The Lightning pick up a 3-2 win over the Predators outdoors at Nissan Stadium. (1:48)

NASHVILLE -- The Tampa Bay Lightning said having so many of their fans in the crowd at Nashville's Nissan Stadium made a huge impact in their Stadium Series victory over the Predators.

"Our coaching staff actually mentioned it before the game. There was some extra motivation because of all the fans that we had there. We wanted to go out and perform well for them," said Lightning captain Steven Stamkos after their 3-2 victory over Nashville on Saturday night.

The official attendance for the game was 68,619 fans, which the NHL said was a sellout. Significant portions of that crowd were made up of Lightning fans, eager to watch their team in the franchise's first-ever outdoor game. They chanted in the stadium concourse and cheered in the stands -- especially after goals scored by Brayden Point, Nikita Kucherov and Stamkos, who had the game-winner.

"It was remarkable. I always had to turn around when we scored because it was a sea of blue behind us," said coach Jon Cooper.

"It was amazing. I personally wasn't expecting so many Lightning fans because we were so far away from home. I respect it. We definitely tried to play harder because we knew they were there," said forward Pierre-Édouard Bellemare. "When [Brayden Point] scored, it felt like there was almost a little bit more silence and then the cheer of our people came up. It was like, 'here we go, we're at home now.'"
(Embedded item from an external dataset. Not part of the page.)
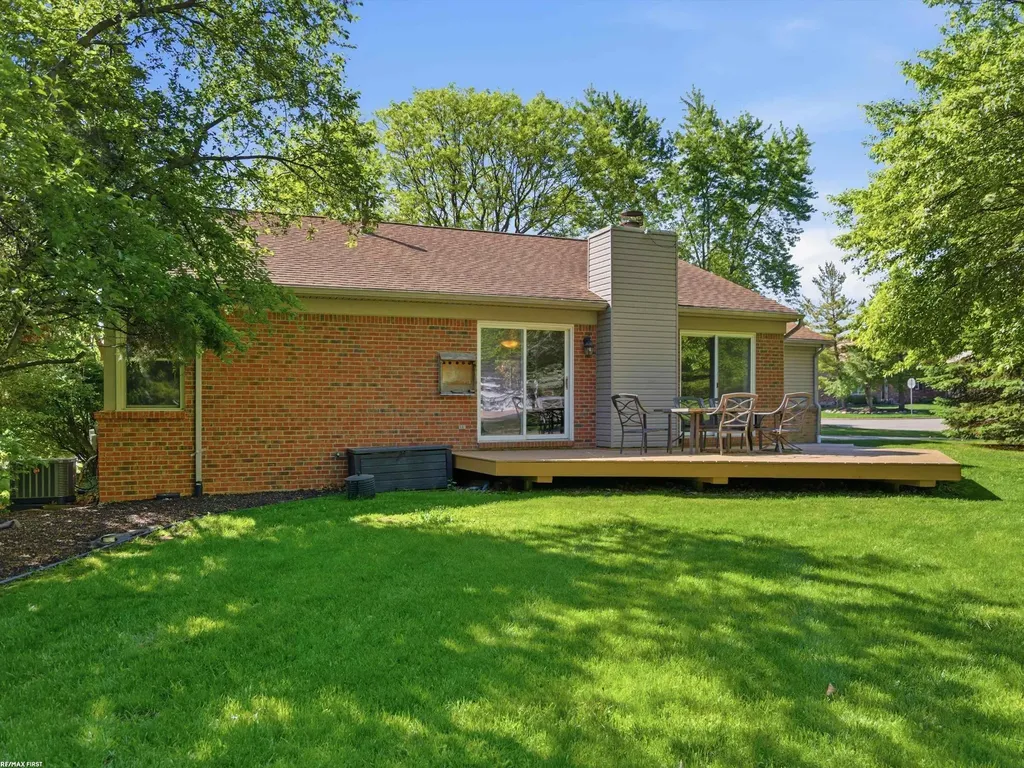 2250 Highsplint Drive Rochester Hills City MI 48307
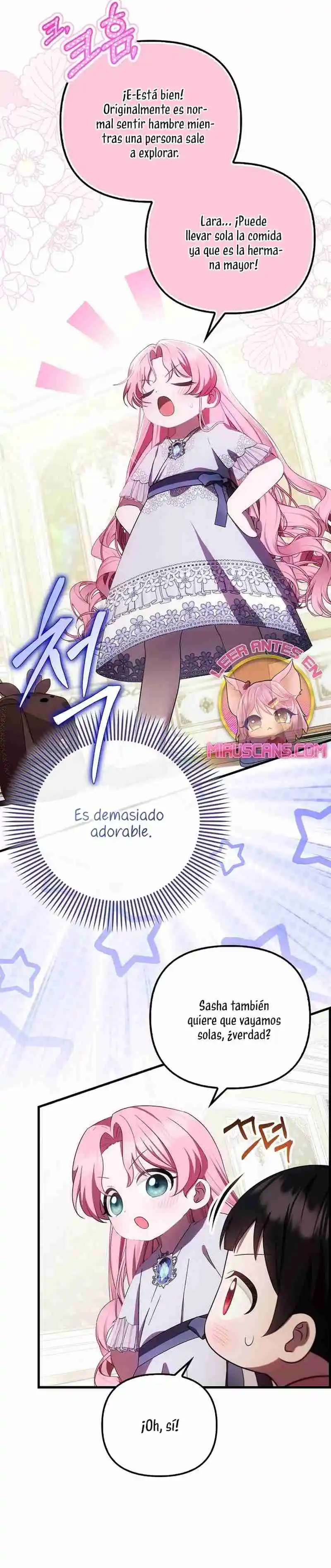 It's The First Time They Love Me - Capítulo 20 - Página 45 - LectorTMOo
The Lightning fans were present around Nashville on Friday and Saturday. "We were pumped when we saw that many people come out, all around our hotel and all the way down Broadway. When we come out and see that many Lightning fans, it definitely motivated us," said Point.

Predators coach John Hynes said he wasn't surprised that Tampa Bay had so many fans at the game because Nashville is a destination city.

"Being a Tennessee Titans fan, you see opposing team's jerseys all around the city. I think it's a compliment to the city of Nashville because I think it's a place people want to come to," he said.

Whether it was the destination or the event that brought them to Nashville, the Lightning said their fans made a difference.

"It felt like there were more Tampa fans than Nashville fans," said forward Pat Maroon. "Hopefully you guys had fun. I know you guys froze your butts off. Hopefully you had a couple of cold beers to warm yourselves up."